### Exercise
Copy exactly the lines from the one containing "Scottsburg, IN 47170" through the last line of the records below, both included, and leave out the pictures.

○ ○ ○ ○

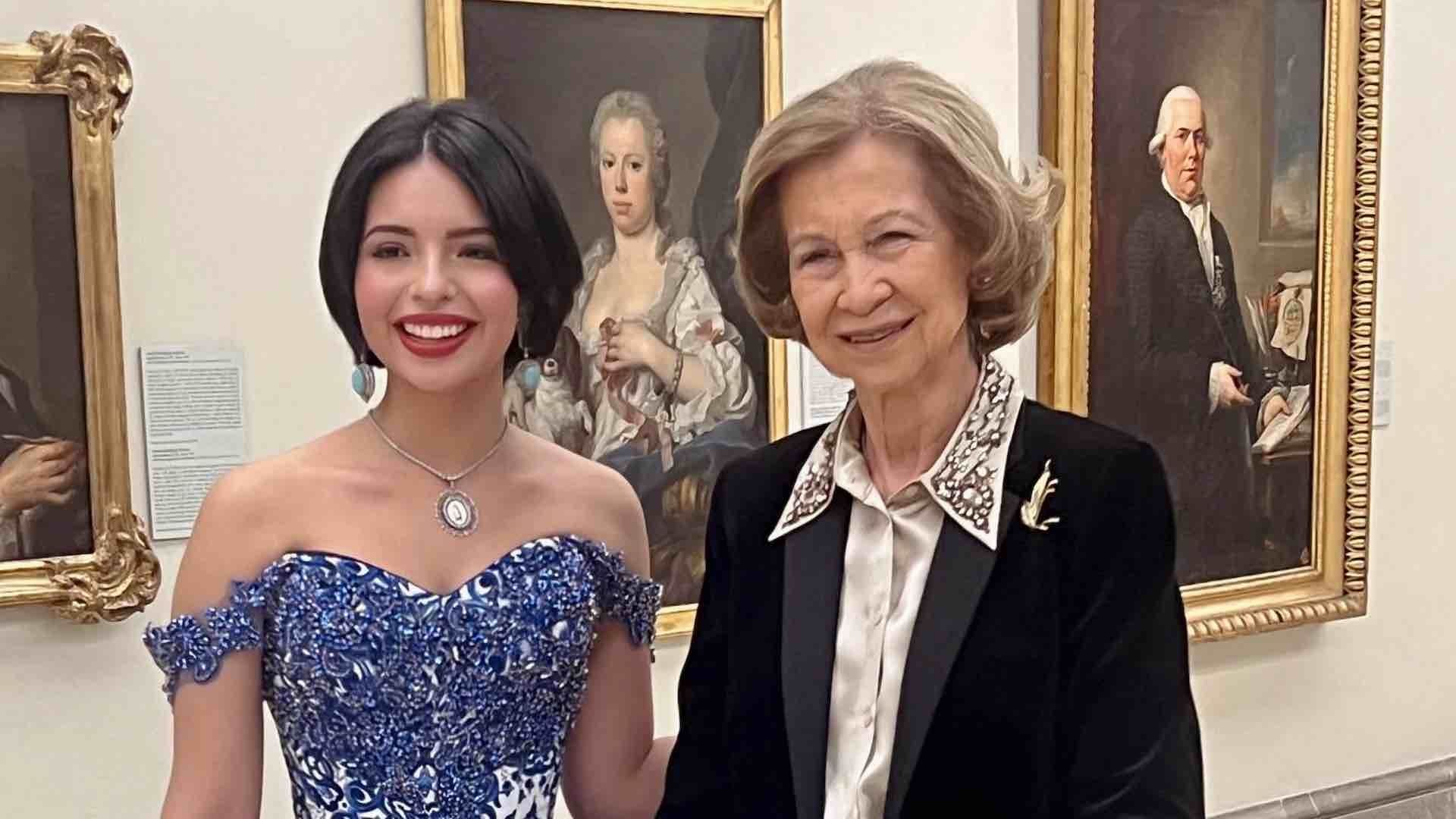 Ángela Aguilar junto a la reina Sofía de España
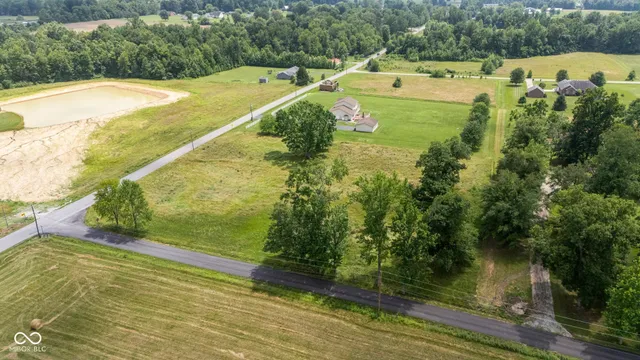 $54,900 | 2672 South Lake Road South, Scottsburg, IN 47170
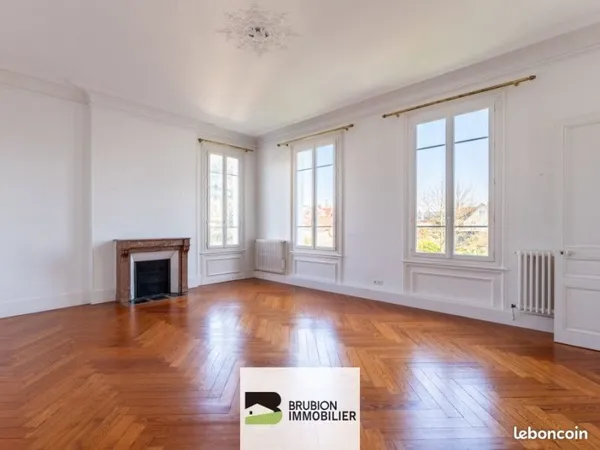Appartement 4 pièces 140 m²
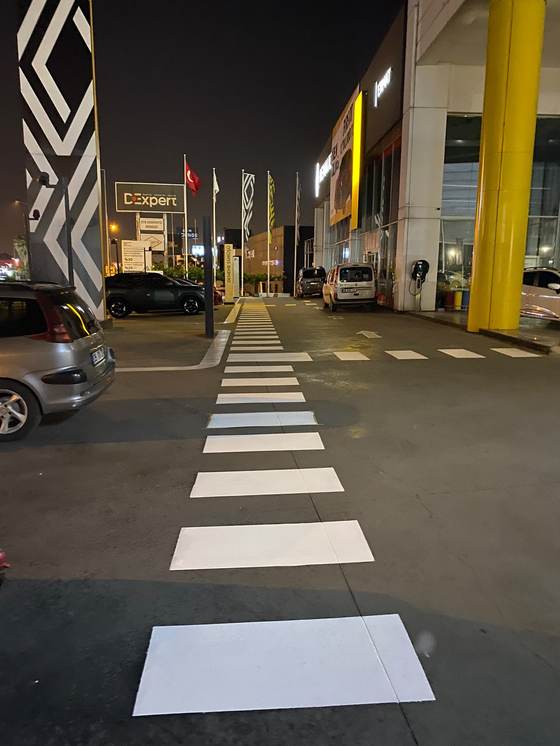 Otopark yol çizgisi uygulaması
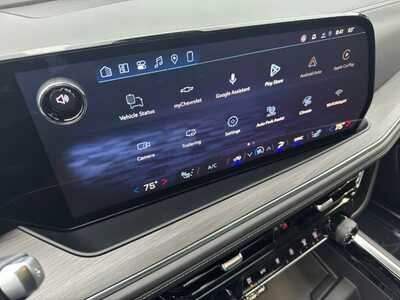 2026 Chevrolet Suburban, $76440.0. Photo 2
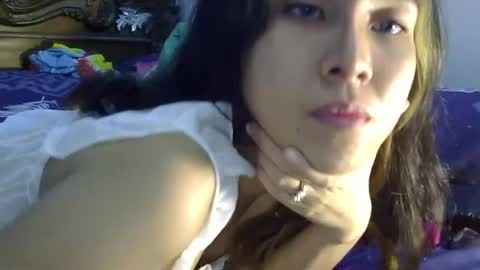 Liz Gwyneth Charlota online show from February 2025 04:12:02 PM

○ ○ ○ ○

### Solution
 $54,900 | 2672 South Lake Road South, Scottsburg, IN 47170
Appartement 4 pièces 140 m²
 Otopark yol çizgisi uygulaması
 2026 Chevrolet Suburban, $76440.0. Photo 2
 Liz Gwyneth Charlota online show from February 2025 04:12:02 PM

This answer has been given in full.